De esta manera empezaron a transcurrir los veinte años, que pasó Gonsuké al servicio del doctor. Gonsuké acarreaba agua del pozo, cortaba la leña, preparaba las comidas y hacía todo el fregado y el barrido. Pero esto no era todo; tenía que seguir al doctor en sus visitas, cargando en sus espaldas el gran botiquín. Ni siquiera por todo este trabajo Gonsuké pidió un solo centavo. En verdad, en todo el Japón, no se hubiera encontrado mejor sirviente por menos sueldo.

Pasaron por fin los veinte años y Gonsuké, vestido otra vez ceremoniosamente con su almidonado haori como la primera vez que lo vieron, se presentó ante los dueños de casa.

Les expresó su agradecimiento por todas las bondades recibidas durante los pasados veinte años.
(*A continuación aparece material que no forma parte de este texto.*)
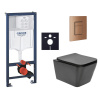 Siko Závěsný WC set do lehkých stěn / předstěnová montáž SAT Infinitio GRSIN12BSCDL0 Siko Závěsný WC set do lehkých stěn / předstěnová montáž SAT Infinitio GRSIN12BSCDL0
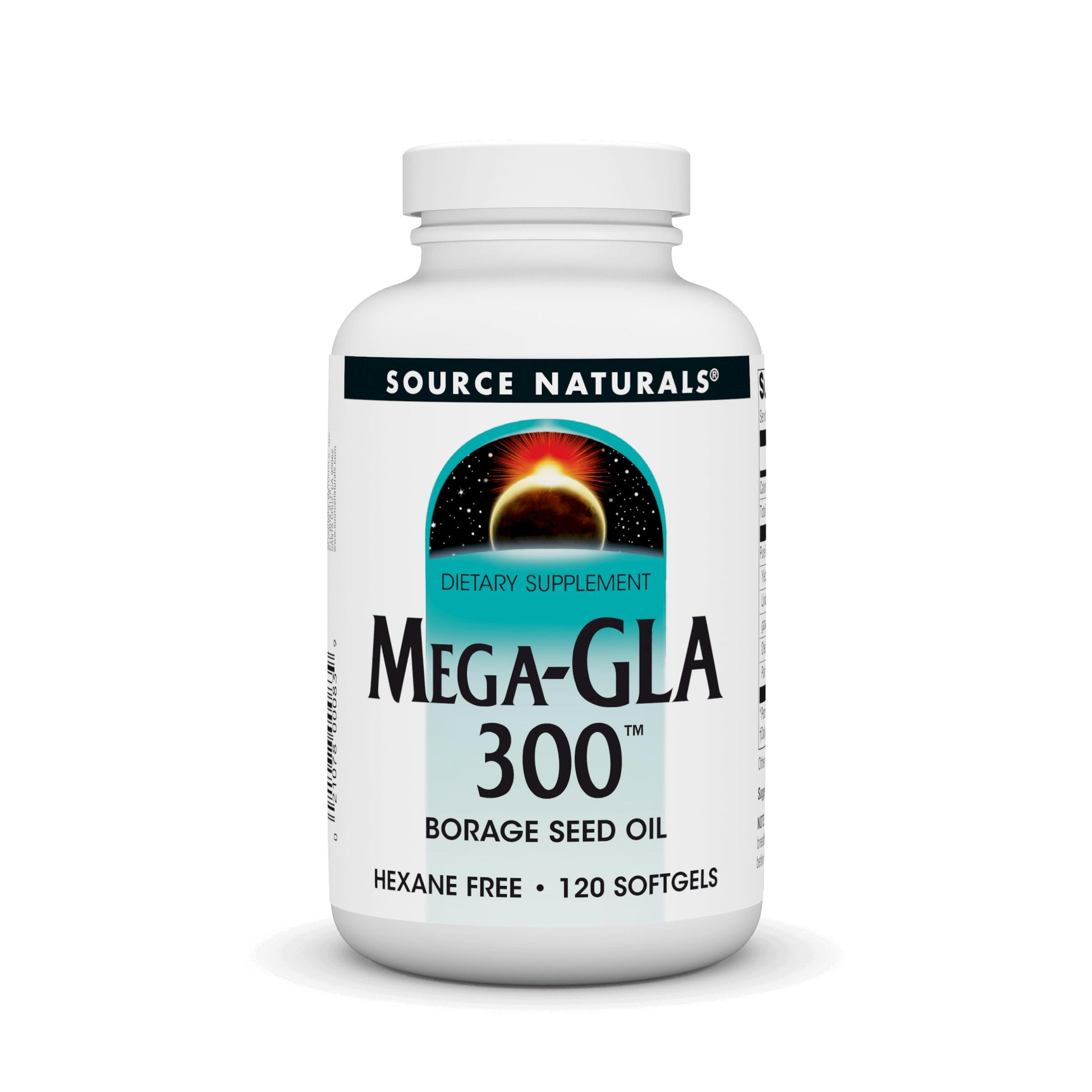 Source Naturals Mega-GLA 300 - Borage Seed Oil that is Hexane-Free Softgels 120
- Y ahora, señor -prosiguió Gonsuké-, ¿quisieran ustedes enseñarme hoy, como lo prometieron hace veinte años, cómo se llega a ser sennin y alcanzar juventud eterna e inmortalidad?
- Y ahora, ¿qué hacemos? -suspiró el doctor al oír la petición. Después de haberlo hecho trabajar durante veinte largos años por nada, ¿cómo podría en nombre de la humanidad decir ahora a su sirviente que nada sabia respecto al secreto de los sennin? El doctor se desentendió diciendo que no era él sino su mujer quien sabía los secretos.
- Usted tiene que pedirle a ella que se lo diga -concluyó el doctor y se alejó torpemente.
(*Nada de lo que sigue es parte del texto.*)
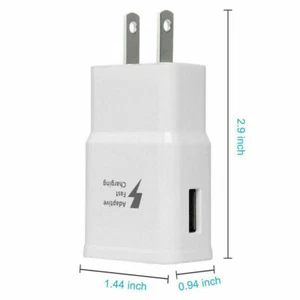 5PC Fast Wall Charger US Plug For Samsung Galaxy S23 S22 S21 Ultra S20 FE S10 S9 - Photo 1 sur 9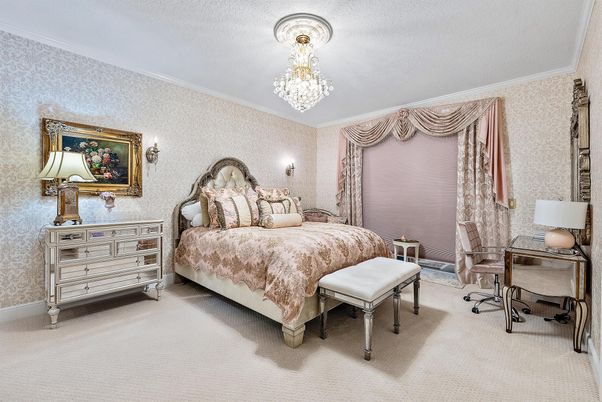 Bedroom, Chandelier, Interior
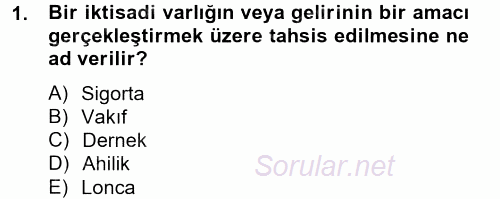 Sosyal Politika 2 2014 - 2015 Dönem Sonu Sınavı 1.Soru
La mujer, sin embargo, suave e imperturbable, dijo:

- Muy bien, entonces se lo enseñaré yo; pero tenga en cuenta que usted debe hacer lo que yo le diga, por difícil que le parezca. De otra manera, nunca podría ser un sennin; y además, tendría que trabajar para nosotros otros veinte años, sin paga, de lo contrario, créame, el Dios Todopoderoso lo destruirá en el acto.
- Muy bien, señora, haré cualquier cosa por difícil que sea contestó Gonsuké. Estaba muy contento y esperaba que ella hablara.
- Bueno -dijo ella-, entonces trepe a ese pino del jardín.

Desconociendo por completo los secretos, sus intenciones habían sido simplemente imponerle cualquier tarea imposible de cumplir para asegurarse sus servicios gratis por otros veinte años. Sin embargo, al oír la orden, Gonsuké empezó a trepar al árbol, sin vacilación.
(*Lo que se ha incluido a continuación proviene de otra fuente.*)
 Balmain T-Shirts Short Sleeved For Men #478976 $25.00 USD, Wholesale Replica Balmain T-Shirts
- Más alto -le gritaba ella-, más alto, hasta la cima.

De pie en el borde de la baranda, ella erguía el cuello para ver mejor a su sirviente sobre el árbol; vio su haori flotando en lo alto, entre las ramas más altas de ese pino tan alto.

- Ahora suelte la mano derecha.

Gonsuké se aferró al pino lo más que pudo con la mano izquierda y cautelosamente dejó libre la derecha.

- Suelte también la mano izquierda.
- Ven, ven, mi buena mujer -dijo al fin su marido, atisbando las alturas-. Tú sabes que si el campesino suelta la rama, caerá al suelo. Allá abajo hay una gran piedra y, tan seguro como yo soy doctor, será hombre muerto.
- En este momento no quiero ninguno de tus preciosos consejos. Déjame tranquila. ¡He! ¡Hombre! Suelte la mano izquierda. ¿Me oye?

En cuanto ella habló, Gonsuké levantó la vacilante mano izquierda. Con las dos manos fuera de la rama ¿cómo podría mantenerse sobre el árbol? Después, cuando el doctor y su mujer retomaron aliento, Gonsuké y su haori se divisaron desprendidos de la rama, y luego... y luego... Pero ¿qué es eso? ¡Gonsuké se detuvo! ¡se detuvo! en medio del aire, en vez de caer como un ladrillo, y allá arriba quedó, en plena luz del mediodía, suspendido como una marioneta.

- Les estoy agradecido a los dos, desde lo más profundo de mi corazón. Ustedes me han hecho un sennin -dijo Gonsuké desde lo alto.

Se le vio hacerles una respetuosa reverencia y luego comenzó a subir cada vez más alto, dando suaves pasos en el cielo azul, hasta transformarse en un puntito y desaparecer entre las nubes.